About three years ago, I got an unexpected email from Shell Oil – in particular, their chief architect for the “business of IT,” one Karel van Zeeland. Some of you may recall that was a role I played for Wells Fargo for some time. The conversation went like this:
“Charlie, we have your book and use it at Shell. With HP, we have formed a consortium to define a new standard in this area. Would you be interested in joining?”
In short, the answer was yes, and it’s been a whirlwind of effort ever since. As culmination, I was in Edinburgh, Scotland last October for the official launch of the IT4IT standard by The Open Group. And in followup, I attended the HDI/IT Service Management Fusion conference in New Orleans a couple weeks later, where the Open Group booth had a constant flow of traffic.
As I watched Mary Jarrett of Shell’s keynote on the IT4IT journey, I reflected that in some ways, this was the culmination of a journey I started with my erp4it.com blog, 12 years ago last fall.
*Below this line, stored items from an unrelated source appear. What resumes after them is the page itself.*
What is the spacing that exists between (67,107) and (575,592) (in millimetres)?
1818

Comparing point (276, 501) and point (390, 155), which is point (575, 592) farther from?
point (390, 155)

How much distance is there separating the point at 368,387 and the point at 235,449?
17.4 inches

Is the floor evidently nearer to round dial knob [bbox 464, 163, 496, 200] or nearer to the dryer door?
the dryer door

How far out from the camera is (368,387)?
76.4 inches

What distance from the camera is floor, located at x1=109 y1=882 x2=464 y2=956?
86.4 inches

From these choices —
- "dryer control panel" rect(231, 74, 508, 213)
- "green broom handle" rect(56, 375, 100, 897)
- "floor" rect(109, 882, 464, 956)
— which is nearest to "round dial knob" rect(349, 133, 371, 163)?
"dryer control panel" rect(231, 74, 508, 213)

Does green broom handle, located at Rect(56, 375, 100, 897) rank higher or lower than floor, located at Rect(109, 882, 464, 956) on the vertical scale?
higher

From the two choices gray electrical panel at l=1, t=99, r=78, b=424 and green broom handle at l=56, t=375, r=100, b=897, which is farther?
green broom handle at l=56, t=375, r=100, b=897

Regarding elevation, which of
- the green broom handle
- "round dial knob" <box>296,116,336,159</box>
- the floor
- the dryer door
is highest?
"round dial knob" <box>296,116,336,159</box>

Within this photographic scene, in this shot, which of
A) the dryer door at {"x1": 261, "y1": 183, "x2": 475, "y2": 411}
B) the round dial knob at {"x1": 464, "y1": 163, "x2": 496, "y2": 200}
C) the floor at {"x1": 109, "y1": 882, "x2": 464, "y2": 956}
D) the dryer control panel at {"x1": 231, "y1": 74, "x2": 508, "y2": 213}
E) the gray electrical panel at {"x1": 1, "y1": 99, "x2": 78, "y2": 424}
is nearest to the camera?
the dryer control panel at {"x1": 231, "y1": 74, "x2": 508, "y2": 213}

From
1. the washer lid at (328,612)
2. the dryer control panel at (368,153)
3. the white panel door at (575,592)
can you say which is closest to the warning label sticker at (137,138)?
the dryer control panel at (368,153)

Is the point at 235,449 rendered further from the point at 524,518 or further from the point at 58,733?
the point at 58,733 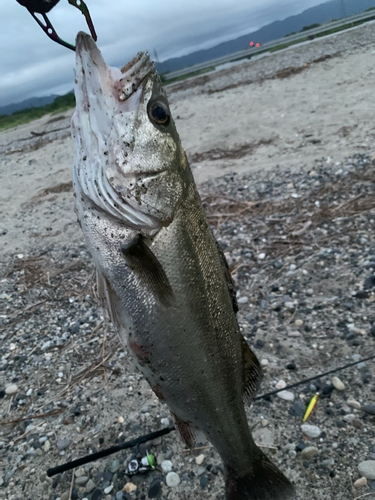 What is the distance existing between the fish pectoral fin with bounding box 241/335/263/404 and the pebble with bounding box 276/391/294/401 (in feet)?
4.09

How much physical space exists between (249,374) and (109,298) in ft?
3.15

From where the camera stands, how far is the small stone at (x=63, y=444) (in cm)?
311

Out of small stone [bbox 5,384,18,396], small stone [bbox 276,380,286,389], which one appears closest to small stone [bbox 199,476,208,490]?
small stone [bbox 276,380,286,389]

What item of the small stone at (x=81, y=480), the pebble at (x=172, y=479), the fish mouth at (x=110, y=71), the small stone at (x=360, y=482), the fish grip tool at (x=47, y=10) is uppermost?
the fish grip tool at (x=47, y=10)

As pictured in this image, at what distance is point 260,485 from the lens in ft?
6.85

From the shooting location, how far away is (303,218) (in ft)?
18.9

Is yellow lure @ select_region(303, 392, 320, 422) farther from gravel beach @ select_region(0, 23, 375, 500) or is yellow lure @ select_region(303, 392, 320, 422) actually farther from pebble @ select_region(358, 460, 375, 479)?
pebble @ select_region(358, 460, 375, 479)

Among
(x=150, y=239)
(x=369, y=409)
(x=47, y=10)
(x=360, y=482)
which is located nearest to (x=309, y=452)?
(x=360, y=482)

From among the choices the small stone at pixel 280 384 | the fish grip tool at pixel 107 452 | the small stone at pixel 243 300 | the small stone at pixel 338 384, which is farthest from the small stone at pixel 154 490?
the small stone at pixel 243 300

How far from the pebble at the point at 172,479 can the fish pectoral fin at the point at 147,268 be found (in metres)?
1.76

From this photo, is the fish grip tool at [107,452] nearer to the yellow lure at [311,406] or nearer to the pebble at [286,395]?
the pebble at [286,395]

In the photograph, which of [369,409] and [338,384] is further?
[338,384]

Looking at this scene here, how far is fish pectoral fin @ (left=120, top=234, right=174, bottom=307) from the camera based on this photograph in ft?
5.87

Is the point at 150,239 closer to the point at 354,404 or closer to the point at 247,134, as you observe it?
the point at 354,404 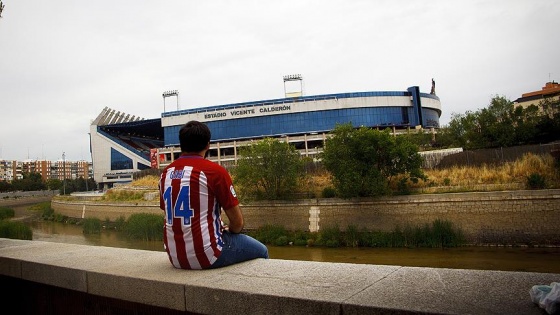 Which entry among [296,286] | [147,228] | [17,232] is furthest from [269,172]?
[296,286]

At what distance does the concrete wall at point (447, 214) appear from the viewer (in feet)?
77.2

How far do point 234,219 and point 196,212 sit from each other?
0.36m

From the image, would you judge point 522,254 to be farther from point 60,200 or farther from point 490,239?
point 60,200

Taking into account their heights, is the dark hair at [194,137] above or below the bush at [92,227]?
above

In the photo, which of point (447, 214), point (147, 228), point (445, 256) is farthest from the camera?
point (147, 228)

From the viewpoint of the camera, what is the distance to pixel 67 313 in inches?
160

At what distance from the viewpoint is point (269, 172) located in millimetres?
34125

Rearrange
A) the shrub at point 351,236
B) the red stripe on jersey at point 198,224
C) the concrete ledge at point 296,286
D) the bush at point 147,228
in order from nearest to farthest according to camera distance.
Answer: the concrete ledge at point 296,286, the red stripe on jersey at point 198,224, the shrub at point 351,236, the bush at point 147,228

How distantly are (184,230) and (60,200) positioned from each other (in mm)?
68197

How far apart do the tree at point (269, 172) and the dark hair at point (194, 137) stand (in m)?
30.3

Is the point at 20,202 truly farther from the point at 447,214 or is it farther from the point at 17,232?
the point at 447,214

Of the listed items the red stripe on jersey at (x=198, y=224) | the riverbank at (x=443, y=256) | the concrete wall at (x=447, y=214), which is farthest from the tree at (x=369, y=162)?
the red stripe on jersey at (x=198, y=224)

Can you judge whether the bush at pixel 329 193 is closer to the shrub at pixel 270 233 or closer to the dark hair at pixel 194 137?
the shrub at pixel 270 233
I had begun with an initial interest in “ERP for IT.” However, it had never been about ERP systems; rather, it started off questioning the lack of such systems for the domain of large-scale IT management. In other words, why was IT the barefoot cobbler’s child in automating itself?
There’s been a lot of water under the bridge since then, and as I deepened my understanding of the problems, I rebranded the blog as lean4it. But the premise continues: IT remains under-managed relative to peer functions, relying on emails, texts, spreadsheets, word of mouth, and gut feel, as opposed to data-driven systems.
And solving IT management problems has never been more pressing. Why? Two words:
Digital transformation.
Digital technology increasingly pervades all that we experience, perceive, and consume. As recently observed by the New York Times, even farming is undergoing pervasive digital transformation. No industry is immune: digitally adapt or die.
And as the digital economy accelerates, so does the need for more effective, coherent, and integrated management of digital technology. The largest enterprise IT organizations have annual budgets now approaching $10 billion, massive amounts of economic activity representing decades of accumulated IT systems and operations. And a spotlight is now shining on this legacy, representing the urgent digital transformation expectations of stakeholders.
Why IT4IT?
What is IT4IT? Simply put, it is an operating model for the “business of IT.”
Why do we need it? There has been much IT management guidance, but there are a number of gaps and issues:
- Most of what the broader community thinks of as “IT standards” are technical (TCP/IP, HTTP, HTML, etc). IT4IT is not targeting these kinds of concerns. It is a management standard.
- Some of the guidance is specialized, to the point where it encourages silo thinking. But more collaborative, generalizing agile/Lean approaches increasingly dominate IT delivery. This in turn increases focus on enabling the end to end flow of digital functionality, over further optimization of narrow specialties.
- Some of the existing standards are proving slow to adapt to the new realities of digital transformation and Lean IT product development.
- Some of the standards are proprietary. There is reluctance on the part of enterprise IT executives worldwide to align too closely to proprietary guidance.
- None of the existing IT management standards were developed explicitly as a full, multi-view reference architecture.
We need a standard that “covers the IT waterfront” from enterprise architecture to product and project management to IT operations, as a multi-layered, precisely expressed reference model. No other standard is positioned to do this.
Platform Power
What excites me the most about IT4IT is not the name, or the current scope, or even the current specification. What excites me, and what should interest you, is that it is a platform, not just a standard. It is part of an ecosystem, along with its peer standards TOGAF and Archimate, and the Open Certified Architect and Open Certified IT Specialist (OpenCITS) certifications.
It’s significant that The Open Group’s domain ends in .org, not .com. It is a true non-profit, and yet it is a non-profit that has a clear business model and unique assets and capabilities (as all successful non-profits do). These include:
- Formal standards development, including the ability to take standards (if and when appropriate) through the complex International Standards Organization (ISO) processes
- A reputation as a trusted honest broker, who can attract and enable otherwise fiercely competitive parties to fairly—and legally—collaborate in a consortium model. (Current Platinum members: IBM, HP, Oracle, Huawei, CapGemini, and Phillips.)
- Intellectual property management, including capable legal counsel
- Marketing
- Sales
- Conference organizing
- The ability to successfully cultivate a training and consulting ecosystem
and, via Van Haren Publishing, an agile and responsive world-class publishing capability, well regarded throughout the IT management community.
We considered standing up IT4IT as its own standards organization for about five minutes, given the need for ALL the above capabilities. I’m glad we didn’t do anything so foolish. As a Forum of The Open Group, we now have a platform that can bring together the disparate viewpoints of the IT industry. And we did it in a surprisingly short period of time.